The walls soon close in. We are faced with some bigger drops and a few logjams, dealing with them accordingly. After a 50-foot rappel over a boulder, the canyon changes in character immediately. Looking downstream, None of us can believe what we see. Or what we do not for that matter. The canyon plunges into darkness. We take a rest, break out the headlamps and continue onwards. I still have never seen anything like it. The canyon enters a cave; we turn off our headlamps and look around. Pitch black. After a few minutes we are back in the light, if only for a moment.
At this point I think we all knew that we might be far over our heads this time. The canyon was no longer a dreamland; it was a more like a nightmare.

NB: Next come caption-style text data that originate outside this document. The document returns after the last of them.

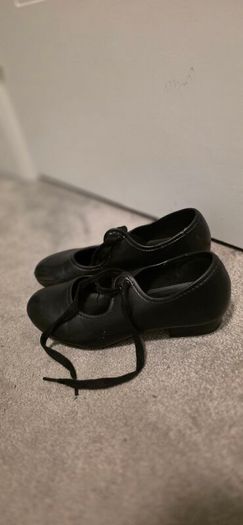 Tap shoes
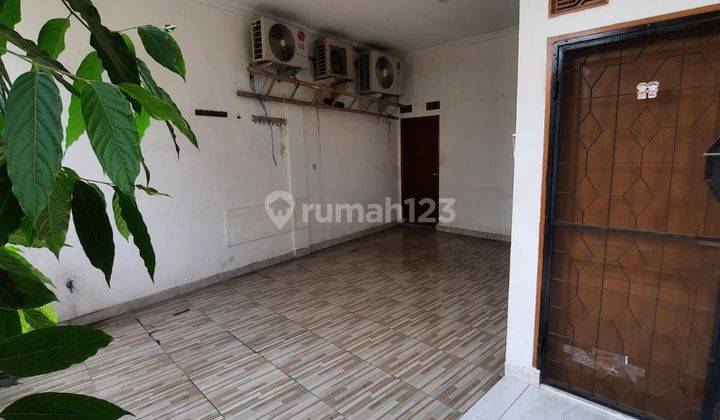 Rumah Dipermata Kopo, Siap.pakai, Dijual.murah 2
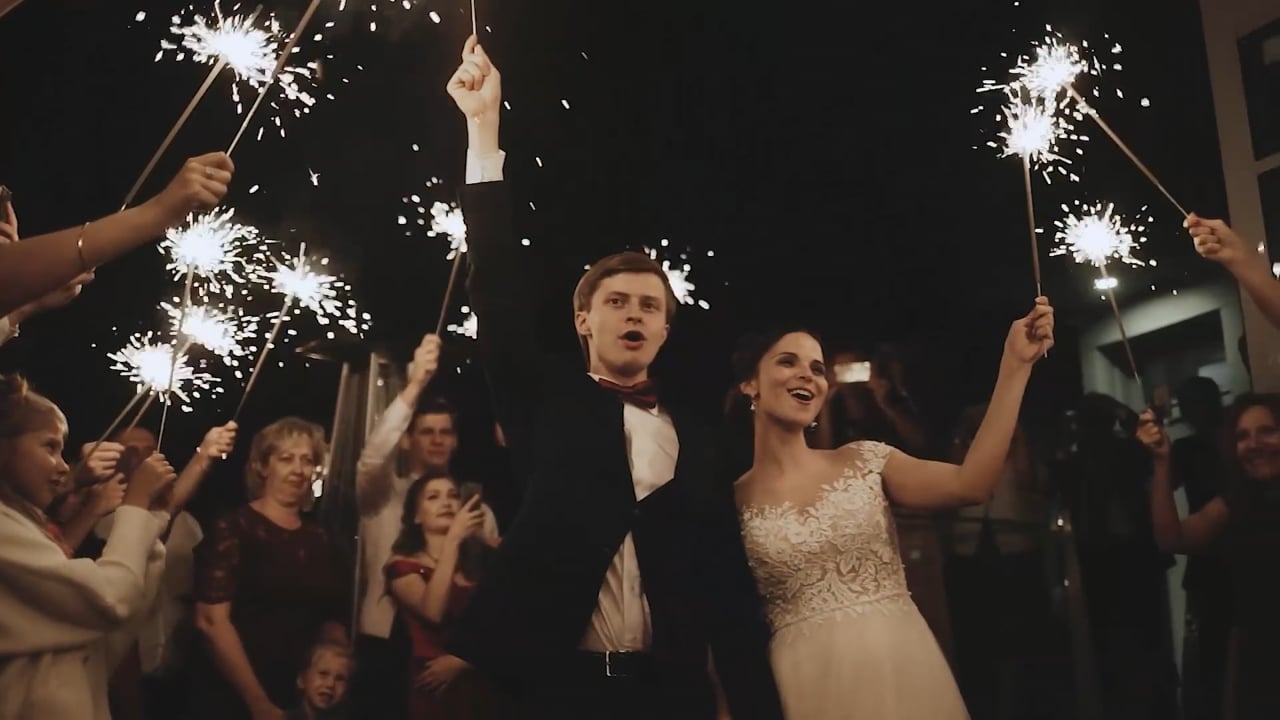 Превью видео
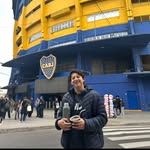 Diego Ledesma Toffaletti - @toffalettidiego - Instagram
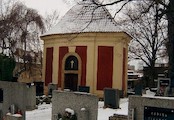 Kaple Sv.Rocha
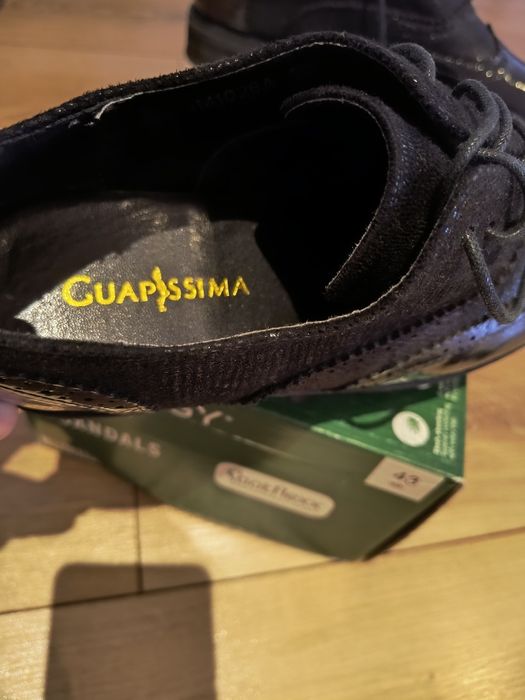 Pantofi Guapissima mărime 38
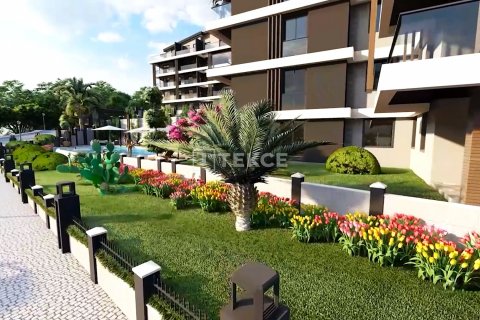 Продажа квартиры  в Муданье, Бурсе, Турция 2+1, 107м2, №184394 – фото 4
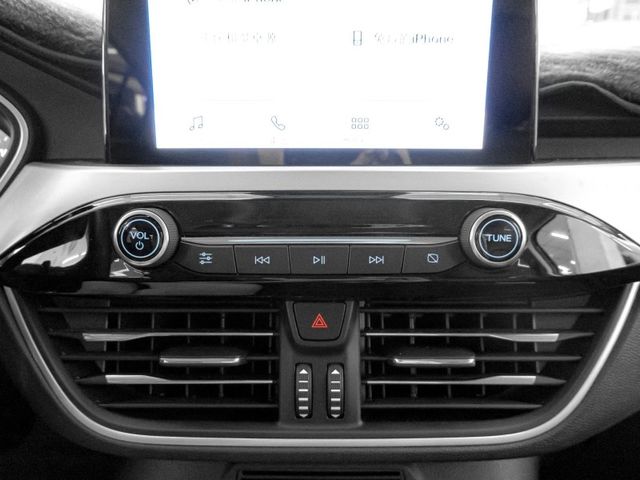 Ford/福特 Focus  第11張相片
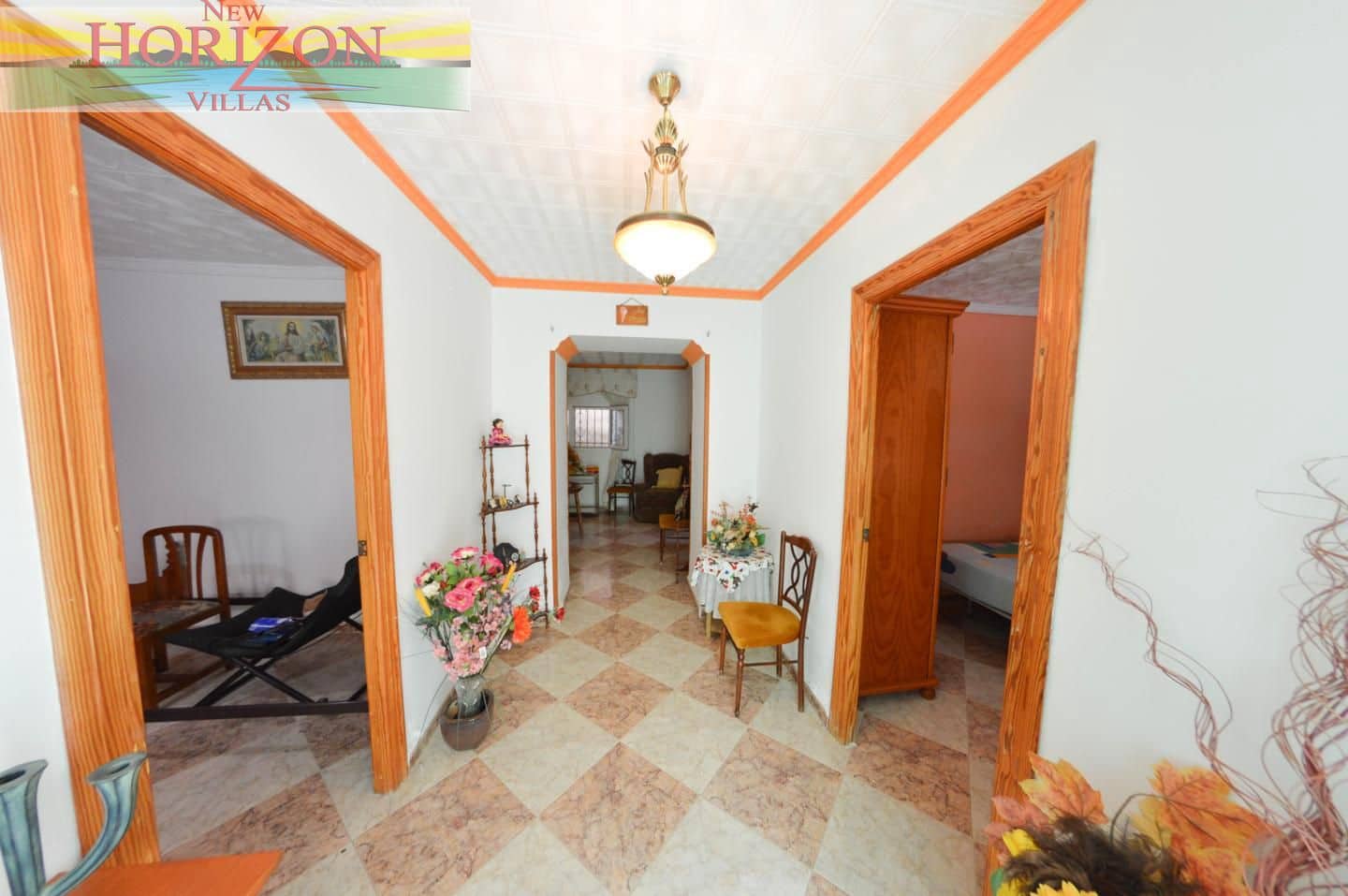 7 slaapkamer Villa te koop in Oria - € 130.000 (Ref: 10163577)
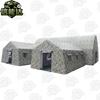 Xinnengda Large Camouflage Inflatable Command Tent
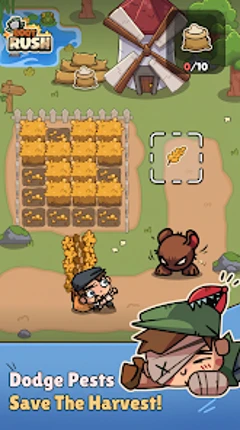 Root Rush Image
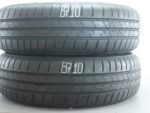2x Sommerreifen Falken Sincera SN110 195/65 R15 91T 7mm Dot3424 B710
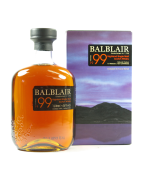 BALBLAIR 1999 BOUR&SHER 1.0L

The canyon widens, enough for Chris to pick up a GPS signal. It is around 12:45, and we are about midway-through the technical section of the canyon. We grab a bite to eat, enjoy the sunlight, and push further. The canyon narrows back up and we reach another section of pitch black narrows. After this point, everything changed. Not long afterwards we reach a 40 foot drop into darkness. This time it looked serious.
It was. Off rope, I look down canyon. I can see Pat moving down a narrow slot, his headlamp illuminating more below. The floor gets wet and muddy, and I hear Pat yell, “water!” Not too far behind, soon I catch up to him at the edge of it. A narrow hallway that looks to be full of mud, water, quicksand. We look up with our headlamps we spot a small ledge 12 feet up. We back up, Pat makes the move, and gets down the other side. I put my right foot on the ledge, move my left foot to it, slip, hit the wall and land in the mud. I sink to above my knees. For a moment I do not move. Soon it hits me, I scream in pain.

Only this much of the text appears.